Bereits im November vergangenen Jahres hatte der damalige griechische Ministerpräsident Giorgos Papandreou die Organisation einer Volksabstimmung zum Thema vorgeschlagen. Das war damals jedoch auf starken Widerspruch unter anderem aus Berlin und Paris gestoßen.

Streit in EU-Kommission
In der EU-Kommission gibt es indes Streit über den weiteren Umgang mit Griechenland. Währungskommissar Olli Rehn wies am Freitag Äußerungen seines Kommissionskollegen Karel De Gucht über Planspiele eines Ausscheidens des südosteuropäischen Landes aus der Euro-Zone zurück. "Wir arbeiten nicht am Szenario eines griechischen Austritts", erklärte Rehn nach Angaben eines Sprechers in London - das Gegenteil sei der Fall. Im Übrigen sei er, Rehn, und nicht De Gucht für Finanz-und Währungsfragen verantwortlich.

EU-Handelskommissar De Gucht hatte in einem Interview mit der belgischen Zeitung "De Standaard" von Notfall-Szenarien für ein Ausscheiden Griechenlands aus der Euro-Zone gesprochen. "Vor eineinhalb Jahren mag die Gefahr eines Domino-Effekts bestanden haben", sagte De Gucht. Aber nun stellten sich Stäbe der EZB und der EU-Kommission auch darauf ein, "dass es Griechenland nicht schafft". Die Aussagen De Guchts lassen aufhorchen, räumte bisher doch kein Vertreter der EU-Kommission die Existenz von Notfallplänen für einen griechischen Euro-Austritt öffentlich ein.
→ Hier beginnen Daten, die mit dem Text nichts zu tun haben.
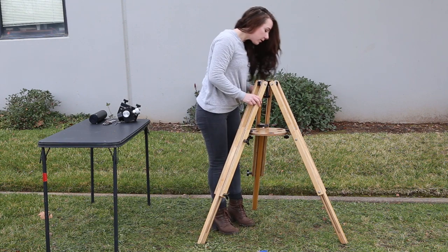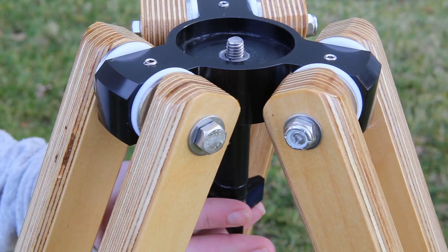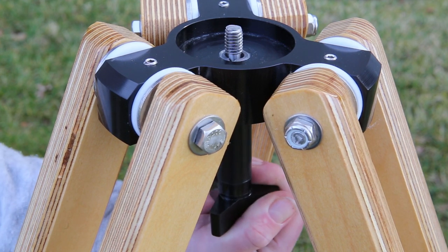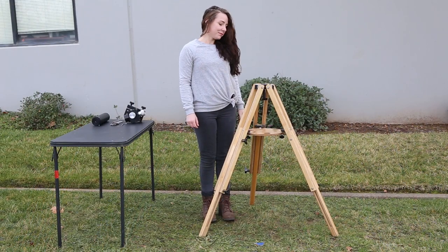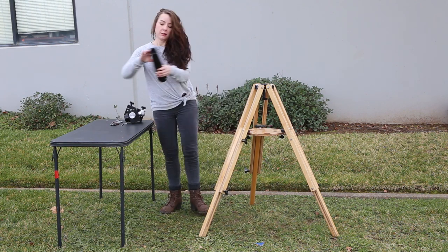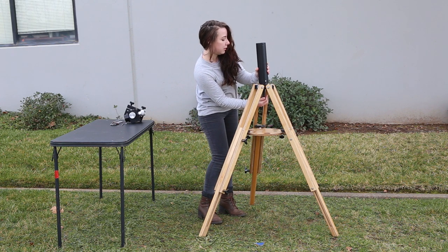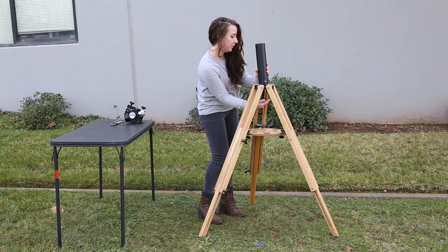Next, install the column. First, tighten the adjustment stud into the tripod top until it becomes loose. Place the column atop the tripod with the tripod's threaded attachment stud going into the threaded hole on the bottom of the column.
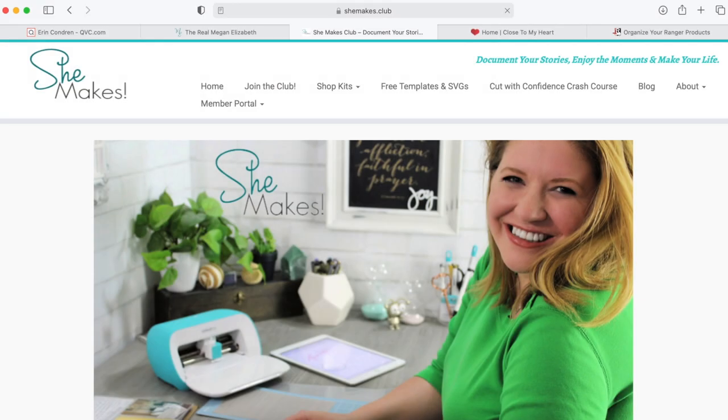Hey guys, it is Megan Elizabeth from ByMeganElizabeth.com, founder and creator of the She Makes Club, and today I want to show you how easy it is to create labels for your Distress Oxide ink pads. I'm creating two because I like to create one that is upside down — I like to store them upside down to keep them nice and extra juicy — but I also like to have it on the reverse side, right side up, for when it's laying here and I'm working. It's a neurotic thing, I guess, but it's really easy to do.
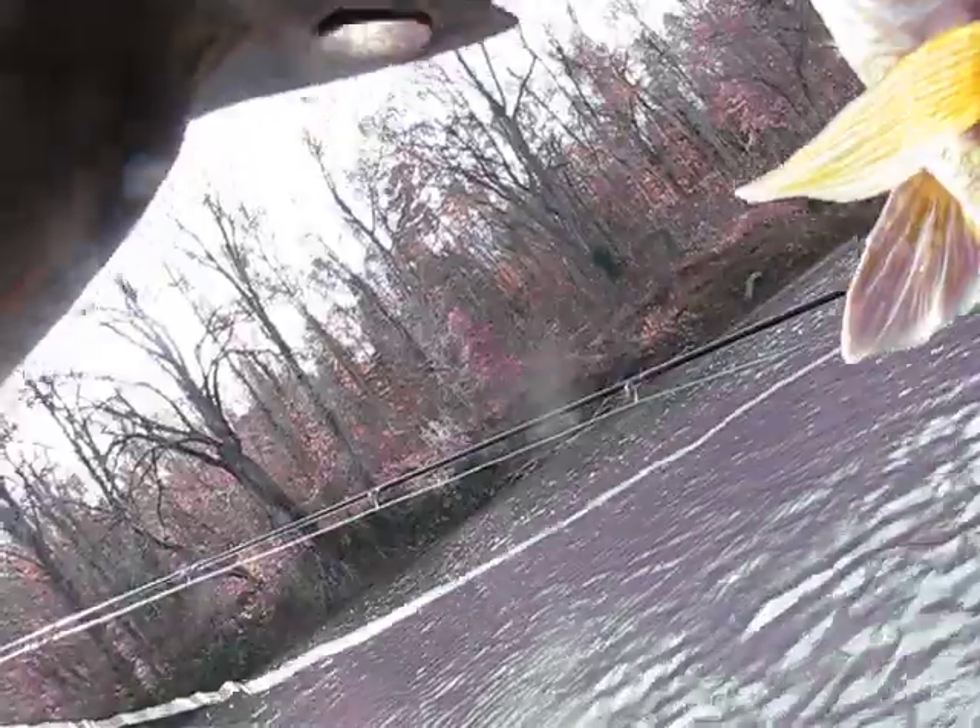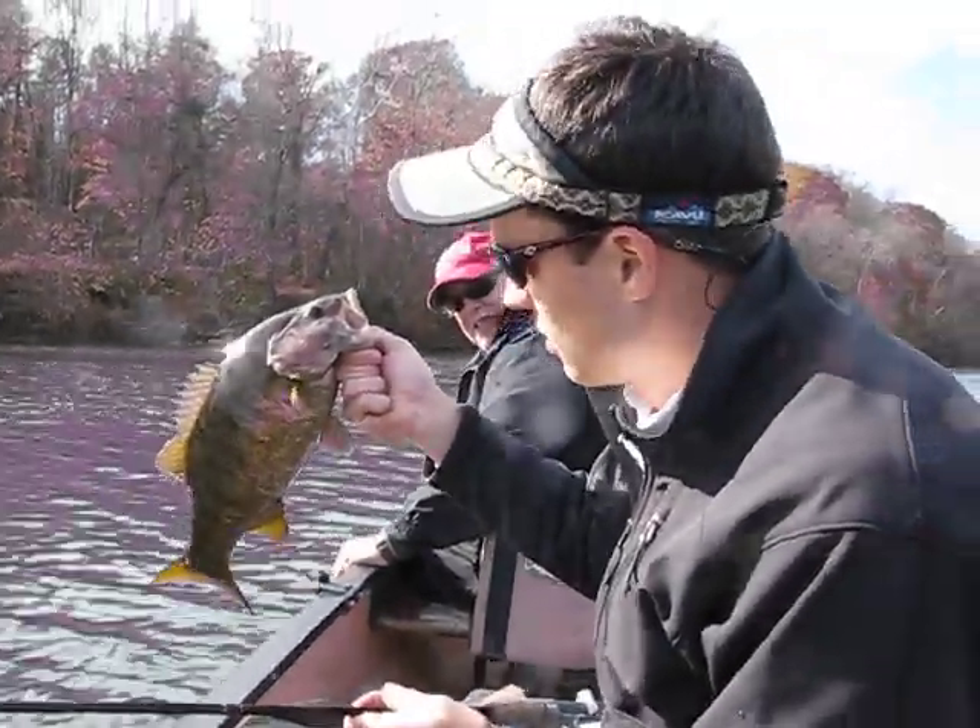All those reels and you don't get a bite and you keep slinging — this is why you keep slinging, right here. Lip her good. That's why you keep slinging right there, sports fans. I'll get a quick picture. Nice!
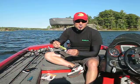Pick some up, just have them in your tackle box. Relatively easy to use, and they will produce fish. Thanks for tuning in — see you next time.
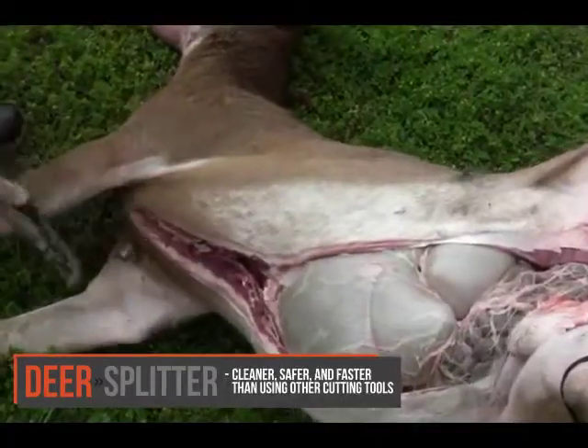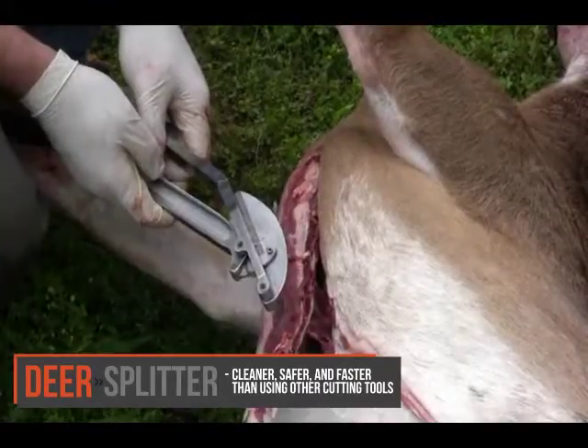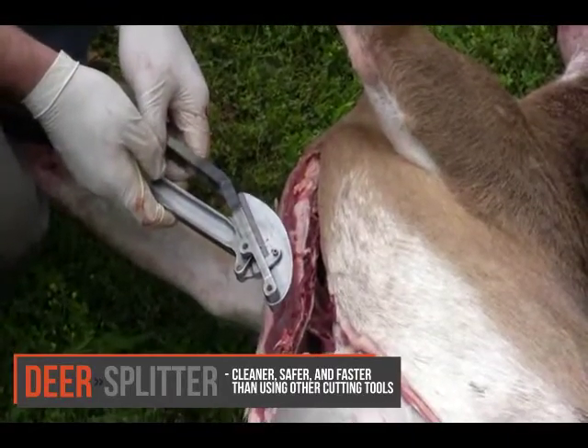Using the Deer Splitter is cleaner, safer, and more practical than using a primitive cutting device.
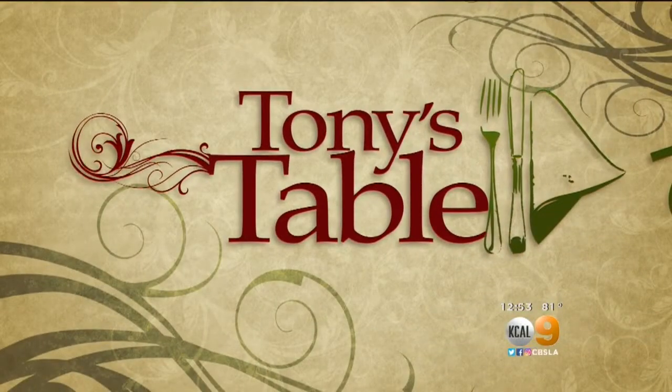It is time for the Fresh Grocer. Tony Tantiller here, and today it's Tony's Table. We're over at Barrel and Ashes right here in Studio City, where Chef Rory Herman is showing us how to make a special tri-tip.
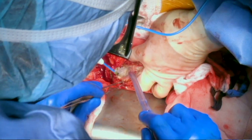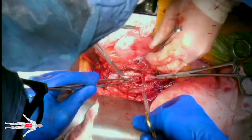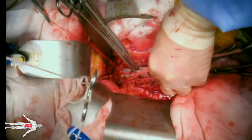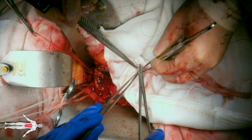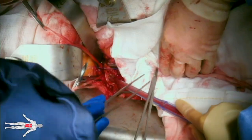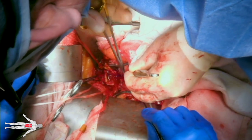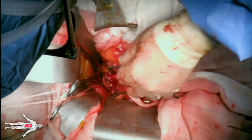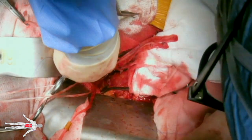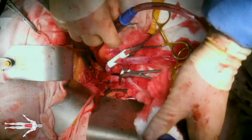Turning our attention back to the abdomen, the aorta is incised and the infected endoprosthesis exposed. The graft inflow and outflow are controlled with clamps and the graft is incised. At this point, a suprarenal clamp is applied and the proximal end of the graft is explanted. Our proximal graft-to-aorta end anastomosis is then constructed with a 3-0 Prolene suture and parachuted down to allow for optimal exposure. The proximal clamp is released and the graft anastomosis is checked for leaks.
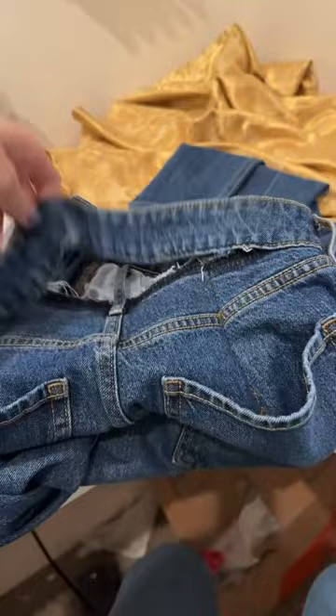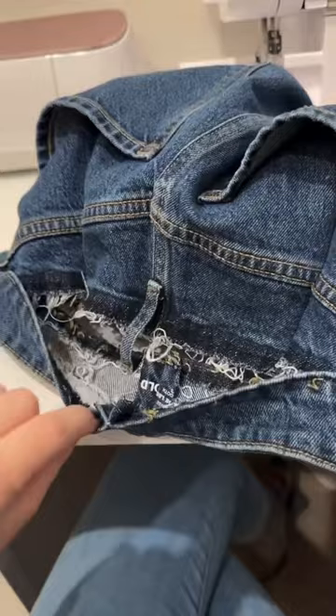Now the waistband is sewn back together and we have the darts, so now it's time to top stitch this waistband back onto the pants. And now this is how they look on her. They fit perfect! You can barely tell that they've been altered and now they fit.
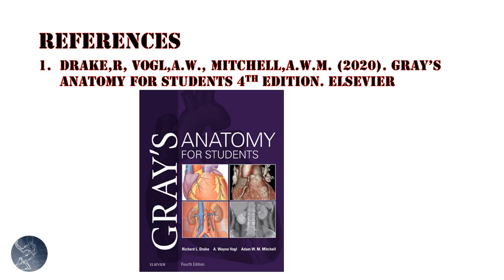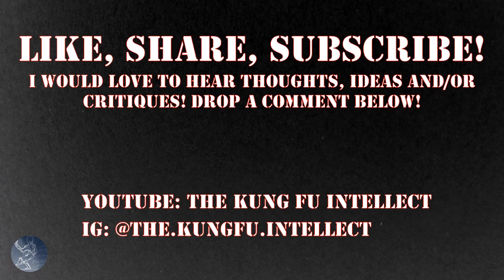All this information can be found in Gray's Anatomy for Students. If you're interested in anatomy or want to learn more, check out that book.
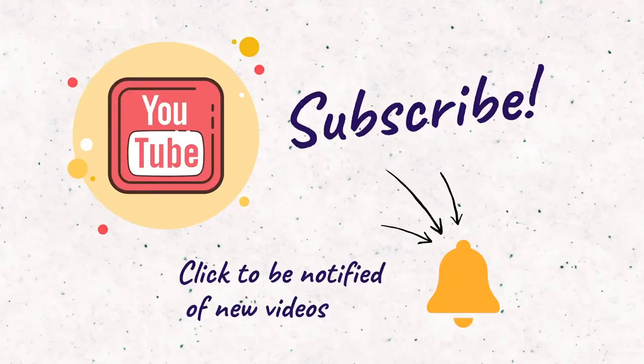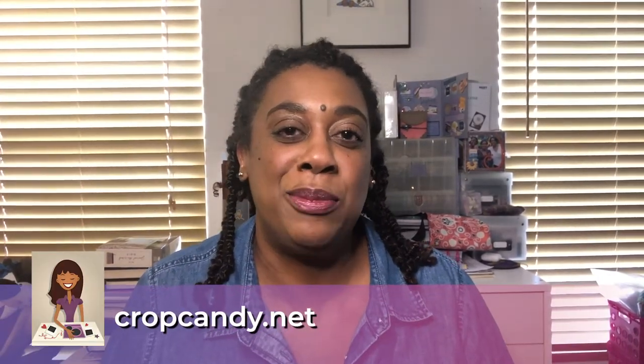If you like this video, I hope you hit the like button and subscribe to my channel and hit the bell so you can be notified when I post new videos. Be sure to visit CropCandy.net, my website, where you'll get more simple scrapbooking ideas, projects, and techniques. While you're there, sign up for my email newsletter — I'll probably only send you something once a month, but sign up to get the latest and greatest from Crop Candy. Thanks for watching, I hope you enjoyed this video — I'll see you soon!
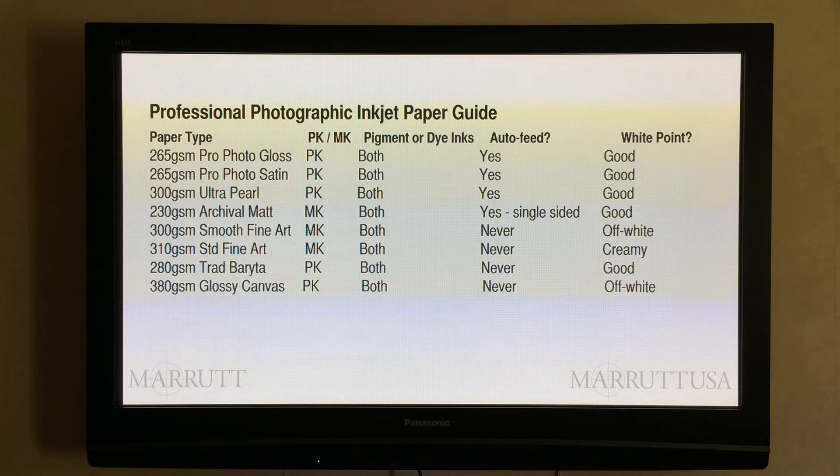Many professionals produce their high gloss prints using dye based inks. Satin, pearl, matte or textured finishes don't have this problem, so are perfectly suited to pigments.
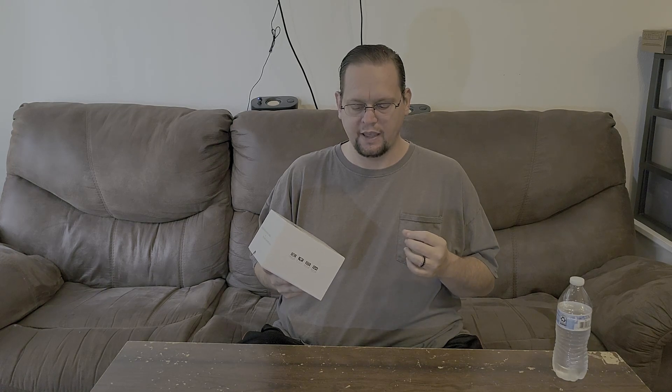Hey everyone, it's Bryan with Garof Towers again. Today's video is going to be on another camera. This one is a digital camera called the 4K digital camera YouTube video camera. It is a 3-inch screen on a regular style camera body, with 16x digital zoom, and it's supposed to have a Wi-Fi connection as well.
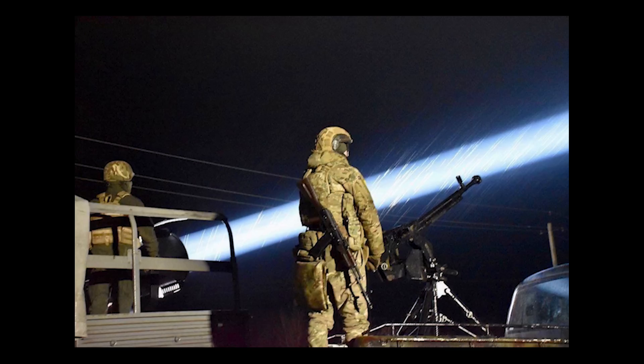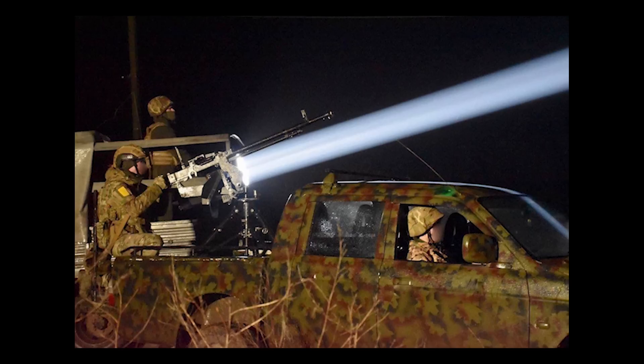The DSHK is old, from the 1930s, but despite its age it's still widely used today. It's a very successful design, much like the Maxim, which we've also seen mounted on trucks for use against drones.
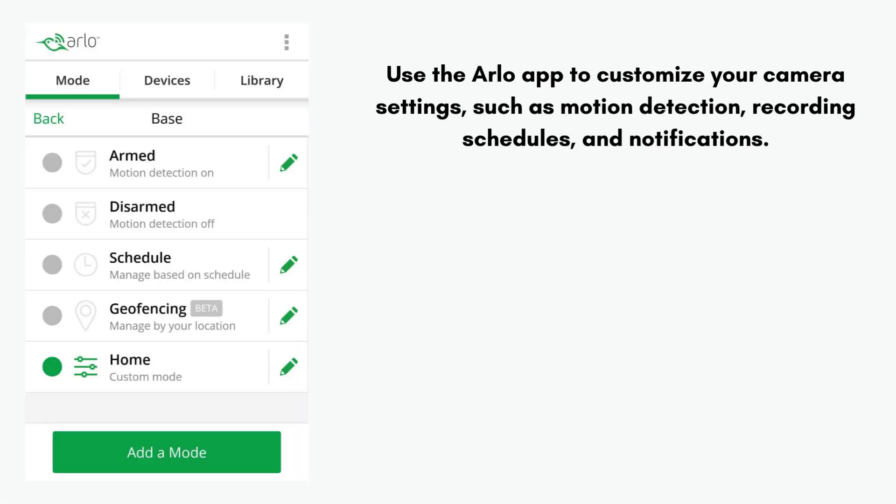Use the Arlo app to customize your camera settings, such as motion detection, recording schedules, and notifications. You can also create modes and rules to automate your Arlo system. That's how you can easily set up your Arlo base station.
Wie Rehn widersprach auch EZB-Führungsmitglied Jose Manuel Gonzalez-Paramo Handelskommissar De Grucht: Die EZB wolle Hellas im Euro halten, sagte der Spanier. Sein Land droht nach einem Rundumschlag der Ratingagentur Moody's gegen den dortigen Bankensektor noch stärker in den Strudel der Schulden-Krise zu geraten und der zweite große Brandherd der Euro-Zone zu werden.

Neue Umfrage lässt Sparbefürworter hoffen
In Griechenland wittert das vermeintlich bereits auf verlorenem Posten stehende Lager der Sparbefürworter wieder Morgenluft: In der ersten Umfrage seit dem Scheitern der Regierungsgespräche und der Ausrufung von Neuwahlen kamen die konservative ND und die PASOK zusammen auf genügend Mandate, um eine Koalition bilden zu können. Zuletzt hatte das radikale Linksbündnis SYRIZA, das den von der EU und dem IWF zur Bedingung gemachten Sparkurs ablehnt, in Umfragen vorne gelegen. Das schürte Sorgen, das schuldengeplagte Griechenland könne sich von der Euro-Zone verabschieden und direkt in den Staatsbankrott schlittern.

Auch wenn es noch einen Monat bis zur Wahl am 17. Juni hin ist und Experten davor warnen, einer einzelnen Umfrage zu viel Gewicht einzuräumen, so könnte die jüngste Erhebung doch auf eine Trendwende hindeuten. Die Griechen machten sich nach dem Platzen der Regierungsgespräche vor wenigen Tagen offenbar Sorgen wegen eines möglichen Abschieds aus der Euro-Zone, sagte der Analyst John Loulis.